By Naomi Santana and Vyctorya Thomas-Vanzant
The first thing many students notice when coming to CI are the abandoned buildings. Knowing the past of the school, it’s not uncommon that students want to explore these parts of campus for a glimpse of history, for the thrill or out of simple curiosity. However mysterious these buildings may seem it’s best to steer clear of them. This isn’t just because it’s a rule of the university, but also because of the potential health risks caused by the lingering asbestos inside.
According to the Mesothelioma and Asbestos Awareness Center (MAAC), asbestos can be found in more than 3,000 consumer products. Because of its durability, heat and chemical resistance, asbestos has been utilized in many products including car brakes, insulation, construction materials, roof shingles, glues and piping.
Researchers have discovered that when asbestos materials are damaged, microscopic fibers can be released into the air. This can cause dangerous exposures and inhaling these thin, microscopic fibers may lead to serious health problems such as mesothelioma. Other types of diseases that a person can be exposed to are lung cancer and asbestosis, according to the MAAC.

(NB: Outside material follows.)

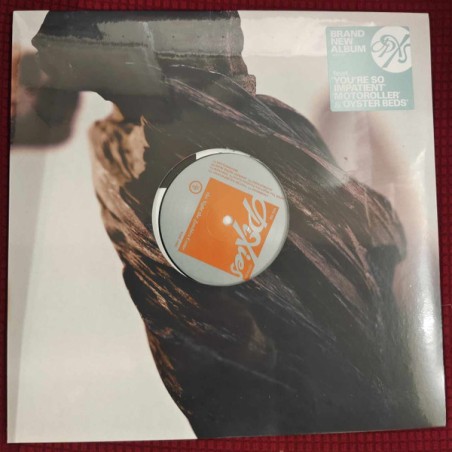 Pixies – The Night The Zombies Came |2024 	BMG – 964051351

“Asbestos refers to a group of fibrous, heat-resistant minerals known as silicates,” said Peer Gerber, Director of Environmental Health and Safety. ”Asbestos fibers are soft, flexible, durable and heat and chemical resistant.” Gerber provided information on what asbestos is, what diseases asbestos may cause, where asbestos can be found on campus and explained that asbestos is “derived from the
Greek meaning indistinguishable or indestructible”. The CI Environmental Health and Safety office produces an annual Asbestos and Lead Based Paint notification. This notification provides a general listing of areas where asbestos containing materials can be found on campus. Some of the areas where asbestos can be found include multiple rooms in Arroyo Hall, Bell Tower, Chaparral Hall, El Dorado, amongst others.
Some of the precautions Gerber mentioned include avoiding touching asbestos containing materials (ACM) or presumed asbestos containing materials (PACM) on walls, ceiling, pipes or boilers. Gerber recommended not drilling holes, hanging objects from walls or ceilings, pipes or boilers and not disturbing ACM or PACM while changing light bulbs.
If faculty or staff find ACM or PACM that has been damaged it is important for them to report it to the Environmental Health and Safety office immediately.
Asbestos can pose a health threat if the fibers become airborne, but at CI, inspection, operation and maintenance protocols have been established to prevent this from happening.